▶ [TASK GOAL]:
What you write should be an exact repeat of the lines from the one with "Serafino Zani MEMENTO" through the final line below, minus the pictures.

▶ [RECORDED INFORMATION]:
------------------------------------------------------------

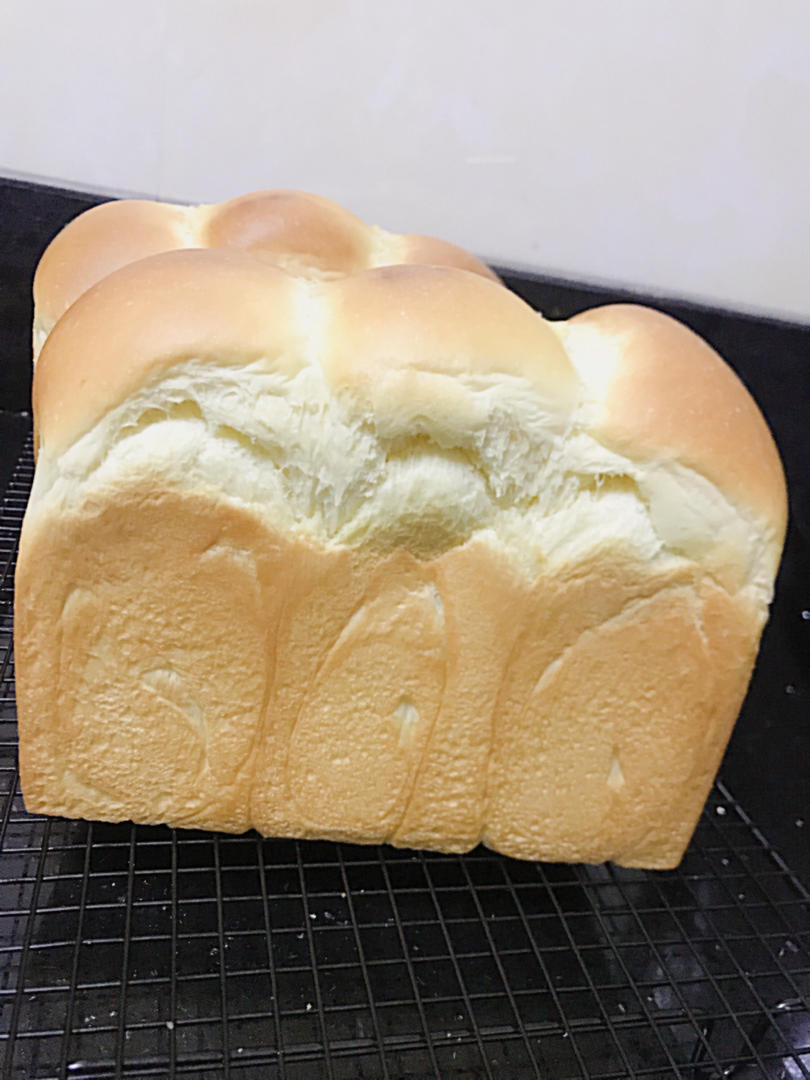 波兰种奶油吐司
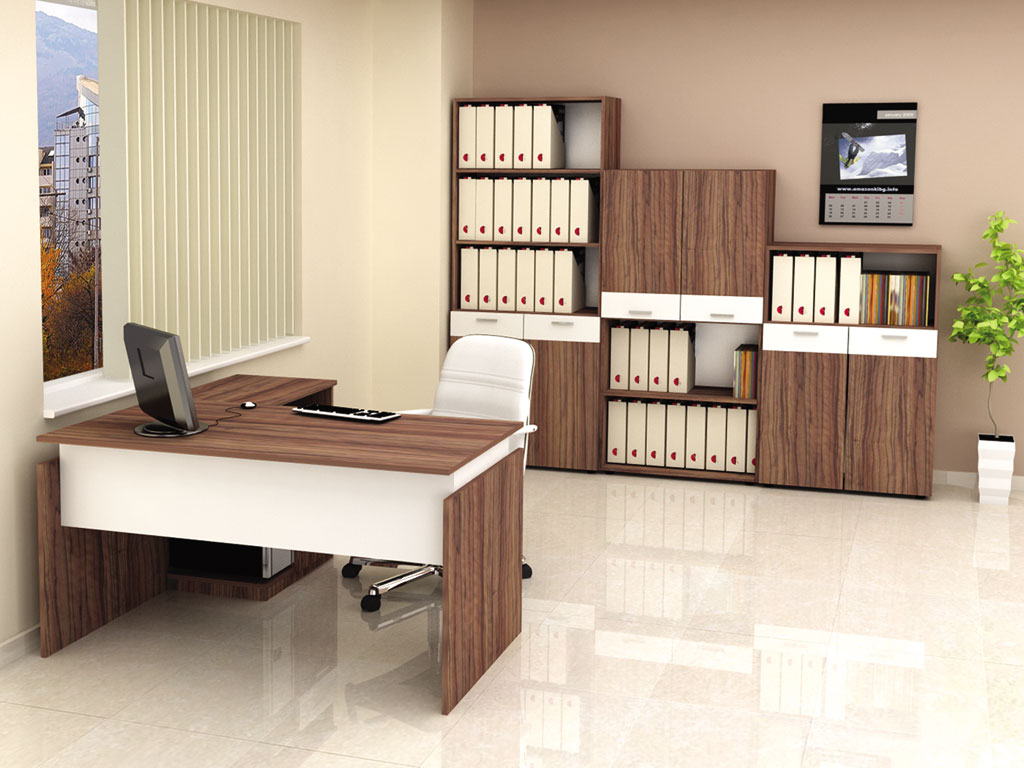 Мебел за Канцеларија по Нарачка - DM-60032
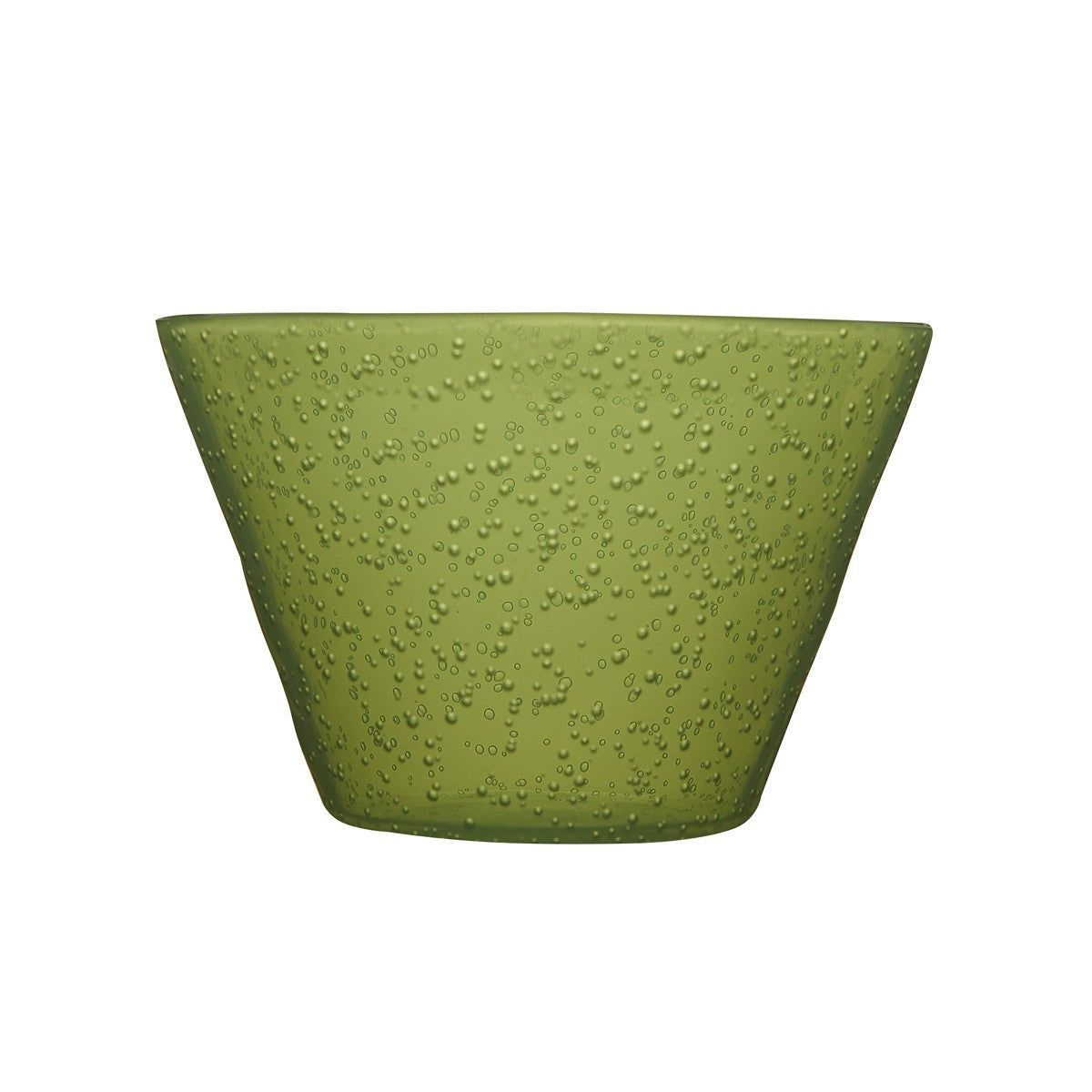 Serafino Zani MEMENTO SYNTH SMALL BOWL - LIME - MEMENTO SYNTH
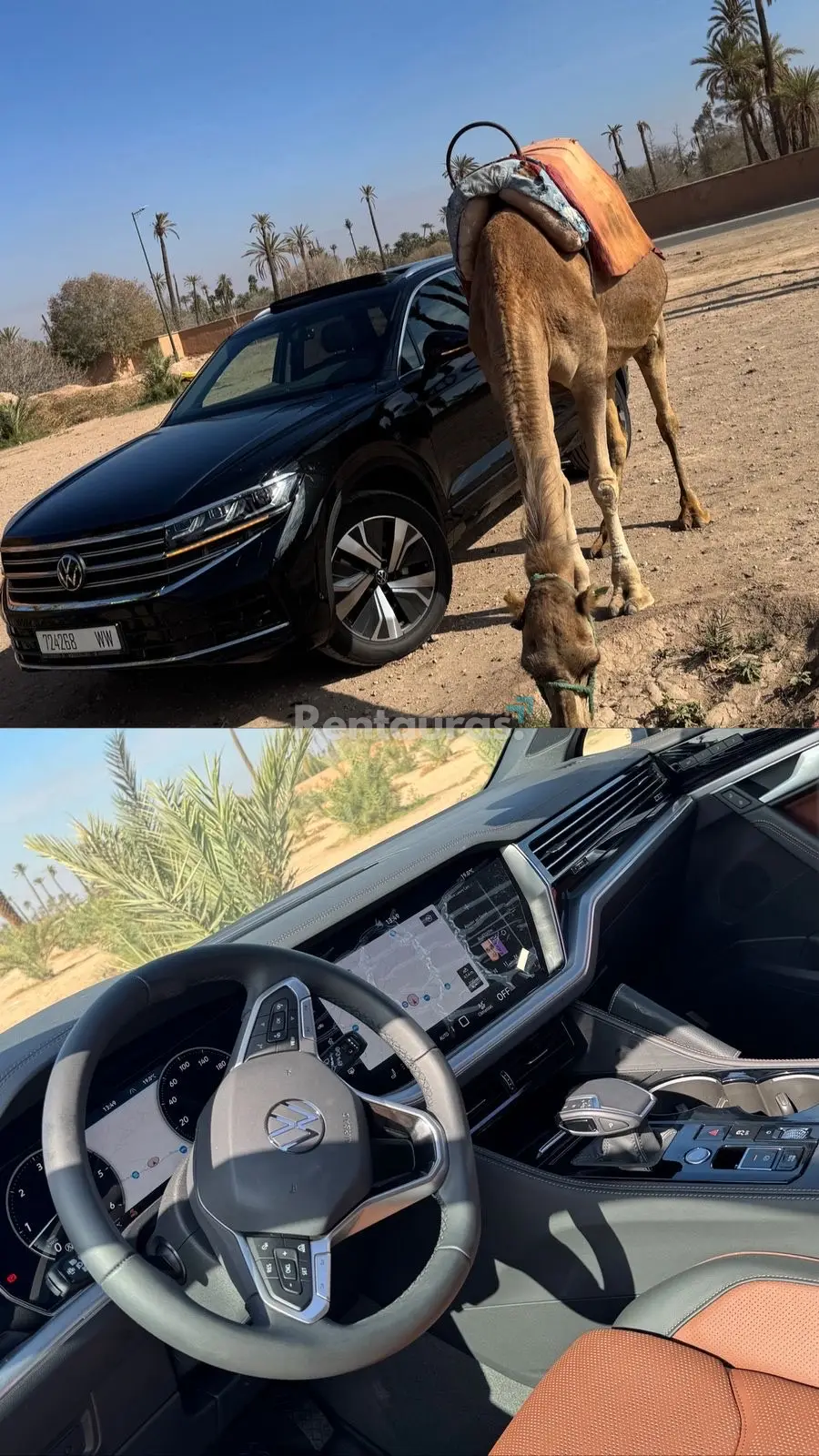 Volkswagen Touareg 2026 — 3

------------------------------------------------------------

▶ [EXERCISE RESULT]:
 Serafino Zani MEMENTO SYNTH SMALL BOWL - LIME - MEMENTO SYNTH
 Volkswagen Touareg 2026 — 3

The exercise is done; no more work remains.